Defendants answered, denied the allegations of wrongdoing and alleged that the beneficiaries’ claims were subject to mandatory arbitration under the Arizona arbitration statute. The defendants asserted the arbitration clauses in the trust documents constituted provisions in a written contract requiring arbitration, and although the beneficiaries were not signatories to the trusts, they were nevertheless obligated to arbitrate as third party beneficiaries. Alternatively, they contended the beneficiaries were equitably estopped from objecting to arbitration as they were affirmatively seeking benefits under the trusts. The beneficiaries opposed defendants’ motion to compel arbitration. They argued the arbitration provisions in the trusts were unenforceable because the trusts were not contractual agreements. They also asserted that, as nonsignatories to the trust documents, they had never agreed to arbitrate their claims against the defendants.

In Schmitz v. Merrill Lynch, 939 N.E.2d 40 (Ill. App. 2010) the trustee entered into a “client relationship agreement” with an investment advisor that contained an arbitration provision.  The provision did not bind the beneficiaries because the beneficiaries were not contractually bound to the investment advisor.

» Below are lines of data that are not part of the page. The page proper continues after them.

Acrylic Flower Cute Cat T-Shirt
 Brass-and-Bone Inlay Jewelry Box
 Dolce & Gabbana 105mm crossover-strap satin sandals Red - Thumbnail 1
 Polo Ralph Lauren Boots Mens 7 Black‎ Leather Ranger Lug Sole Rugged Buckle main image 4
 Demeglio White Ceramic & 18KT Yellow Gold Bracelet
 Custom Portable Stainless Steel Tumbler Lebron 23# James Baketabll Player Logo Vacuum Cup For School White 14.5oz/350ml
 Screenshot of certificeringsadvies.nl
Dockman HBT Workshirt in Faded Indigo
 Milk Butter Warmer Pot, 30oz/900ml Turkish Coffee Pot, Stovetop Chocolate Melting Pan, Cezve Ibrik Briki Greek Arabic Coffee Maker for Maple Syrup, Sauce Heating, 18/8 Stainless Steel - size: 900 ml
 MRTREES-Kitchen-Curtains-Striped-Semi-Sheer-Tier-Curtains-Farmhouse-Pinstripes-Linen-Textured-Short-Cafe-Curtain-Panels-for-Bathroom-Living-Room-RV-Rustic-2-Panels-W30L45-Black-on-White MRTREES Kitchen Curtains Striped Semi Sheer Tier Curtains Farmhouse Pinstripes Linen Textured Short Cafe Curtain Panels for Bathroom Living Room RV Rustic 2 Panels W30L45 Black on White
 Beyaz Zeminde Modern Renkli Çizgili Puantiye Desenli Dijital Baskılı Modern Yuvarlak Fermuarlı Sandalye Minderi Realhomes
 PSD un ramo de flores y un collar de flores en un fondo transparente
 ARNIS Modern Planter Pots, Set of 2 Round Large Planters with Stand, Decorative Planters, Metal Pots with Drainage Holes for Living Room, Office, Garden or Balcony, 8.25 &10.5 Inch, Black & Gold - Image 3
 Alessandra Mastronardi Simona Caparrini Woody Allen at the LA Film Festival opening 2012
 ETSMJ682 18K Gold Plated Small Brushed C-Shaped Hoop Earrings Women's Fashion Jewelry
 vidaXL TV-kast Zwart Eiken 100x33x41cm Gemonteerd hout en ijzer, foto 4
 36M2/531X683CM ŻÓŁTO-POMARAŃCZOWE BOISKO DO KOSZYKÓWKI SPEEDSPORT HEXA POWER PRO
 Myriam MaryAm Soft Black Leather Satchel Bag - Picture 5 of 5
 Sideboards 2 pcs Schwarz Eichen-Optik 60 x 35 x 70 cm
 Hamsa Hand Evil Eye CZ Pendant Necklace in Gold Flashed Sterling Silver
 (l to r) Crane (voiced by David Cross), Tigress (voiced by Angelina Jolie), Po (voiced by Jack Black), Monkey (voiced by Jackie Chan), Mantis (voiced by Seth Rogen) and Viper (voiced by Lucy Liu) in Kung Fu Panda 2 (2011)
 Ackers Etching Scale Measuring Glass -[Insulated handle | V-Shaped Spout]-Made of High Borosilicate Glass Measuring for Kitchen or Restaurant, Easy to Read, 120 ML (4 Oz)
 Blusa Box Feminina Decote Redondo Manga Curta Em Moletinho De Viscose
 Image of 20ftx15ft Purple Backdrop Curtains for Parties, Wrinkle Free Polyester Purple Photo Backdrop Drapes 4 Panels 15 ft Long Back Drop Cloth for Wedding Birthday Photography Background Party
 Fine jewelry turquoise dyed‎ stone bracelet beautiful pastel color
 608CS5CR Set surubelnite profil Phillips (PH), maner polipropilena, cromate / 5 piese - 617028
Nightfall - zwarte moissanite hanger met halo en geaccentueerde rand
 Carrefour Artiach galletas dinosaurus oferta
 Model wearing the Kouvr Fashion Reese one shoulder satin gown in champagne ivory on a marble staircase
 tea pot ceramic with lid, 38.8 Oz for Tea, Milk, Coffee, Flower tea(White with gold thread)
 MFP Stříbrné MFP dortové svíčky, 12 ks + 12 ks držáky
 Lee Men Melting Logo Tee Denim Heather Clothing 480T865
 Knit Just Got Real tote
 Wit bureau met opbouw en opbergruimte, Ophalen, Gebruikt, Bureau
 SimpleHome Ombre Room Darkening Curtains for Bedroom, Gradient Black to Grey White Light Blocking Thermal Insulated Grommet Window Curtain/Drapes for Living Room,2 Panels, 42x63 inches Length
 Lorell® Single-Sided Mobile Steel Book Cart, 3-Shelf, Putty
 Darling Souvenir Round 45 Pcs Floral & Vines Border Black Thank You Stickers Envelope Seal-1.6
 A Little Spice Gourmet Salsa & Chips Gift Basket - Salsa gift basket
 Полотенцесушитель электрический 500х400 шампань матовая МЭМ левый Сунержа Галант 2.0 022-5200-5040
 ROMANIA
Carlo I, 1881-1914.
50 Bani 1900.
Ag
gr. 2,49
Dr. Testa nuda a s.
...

In Rachal v. Reitz, 2013 Tex. LEXIS 348 (2013), the could held that an arbitration clause in trust was enforceable against non-signatory beneficiaries.  A.F. Reitz established a trust for the benefit of his son, John, and appointed himself as initial trustee and Hal Rachal Jr. as successor trustee. After A.F. Reitz died, Rachal became trustee of the trust.  John sued Rachal as trustee alleging breach of fiduciary duty by failure to account and looting of the trust for personal gain. The trustee moved to compel arbitration of the suit under the arbitration provision in the trust. The trial court denied the motion and the trustee appealed.

On appeal, the Texas Court of Appeals sitting en banc (with four dissenting justices) affirmed on the grounds that: (1) the trust document did not satisfy the requirement for a valid contract; and (2) the settlor’s intent does not transform the trust into a contract to arbitrate between the successor trustee and the beneficiary.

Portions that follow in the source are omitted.